ВАЙДА: Я — старый человек и ничего не боюсь, даже реакции русского истэблишмента. Но я не хотел бы, чтобы мой фильм использовала любая из сторон в этом искусственно созданном конфликте. Всю жизнь у меня были русские друзья, и они разделяли мою точку зрения: Андрей Тарковский, Григорий Чухрай, Андрей Кончаловский, Михаил Ромм, Кира Муратова, Александр Сокуров и многие другие снимали свои фильмы в намного более трудным условиях, чем я. У меня по-прежнему много друзей в России, которые правильно поняли мой фильм как выступающий против Сталина и коммунистической системы.
- Вы говорили, что одной из главных причин, побудивших вас снять "Катынь" (как у Стивена Спилберга в случае "Списка Шиндлера"), было желание выступить против широко распространившегося незнания исторических событий — особенно среди молодежи. Учитывая вашу личную связь с рассказанной историей, вы не опасались, что слишком сильная эмоциональная вовлеченность помешает вам показать события объективно?

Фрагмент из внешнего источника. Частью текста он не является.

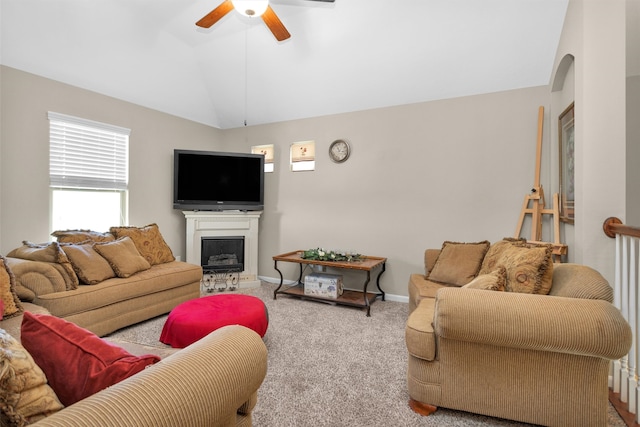 living area featuring a ceiling fan, carpet floors, a fireplace, baseboards, and vaulted ceiling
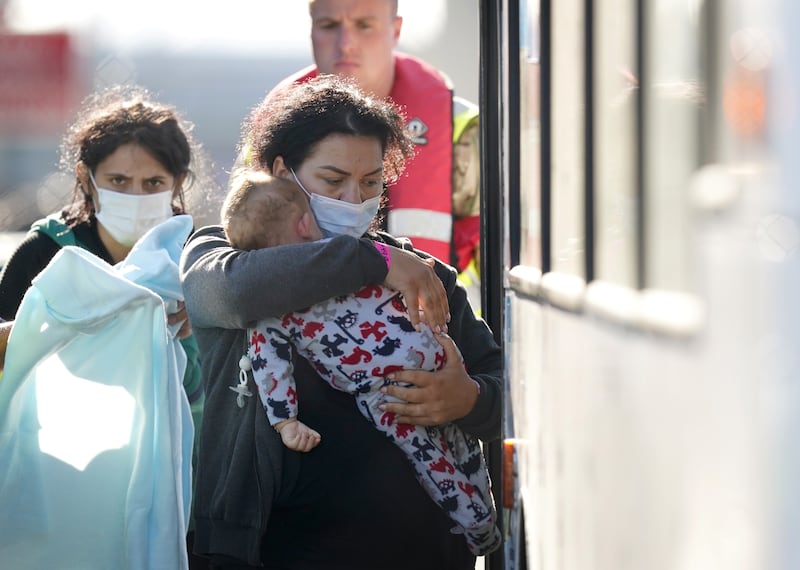 A lady carries a toddler to a bus after a group of people thought to be migrants were brought in to Dover, Kent, on the south-east English coast. PA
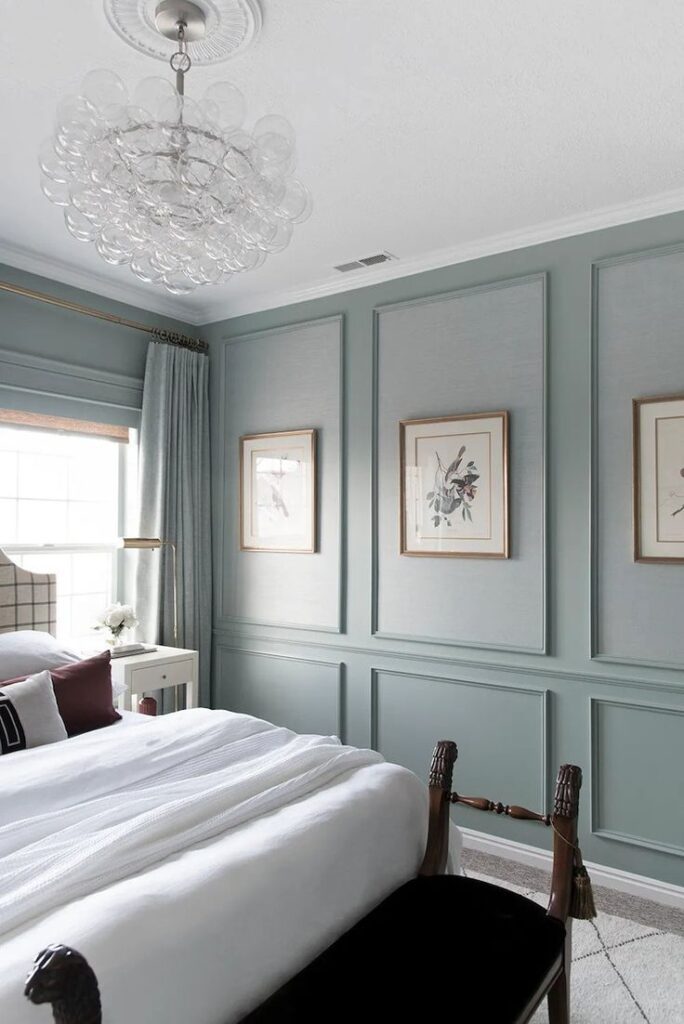 A bedroom with blue walls and a chandelier.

ВАЙДА: Пренебрежительно-враждебное отношение к прошлому является побочным продуктом присоединения Польши к Европе, это правда. Но меня не пугает, что личные чувства горя и несправедливости могут умерить остроту моего восприятия. Сценарий "Катыни" почти полностью основан на материалах из дневников и воспоминаний, в которых эти события запечатлены почти как стоп-кадры. Понравится ли это молодежи, не знаю. Но было бы трудно сделать этот фильм только для нее и по ее вкусу. Я полагаюсь на популярных актеров, создающих волнующих и правдоподобных персонажей.
- Вы говорили, что по сравнению с вашим поколением — "сыновей, которым пришлось рассказать о судьбе своих отцов, ибо мертвые не говорят" — молодые польские режиссеры на самом деле не знают, о чем они хотят говорить.
ВАЙДА: Безусловно, я был слишком строг в своей оценке, ибо их сегодняшняя ситуация конечно более трудна и сложна, чем наша. Но их главная задача — нравится им это или нет, — защищать Польшу от сползания в местнический национализм и религиозный фанатизм. Если они этого не сделают, польский провинциализм сокрушит их художественные амбиции.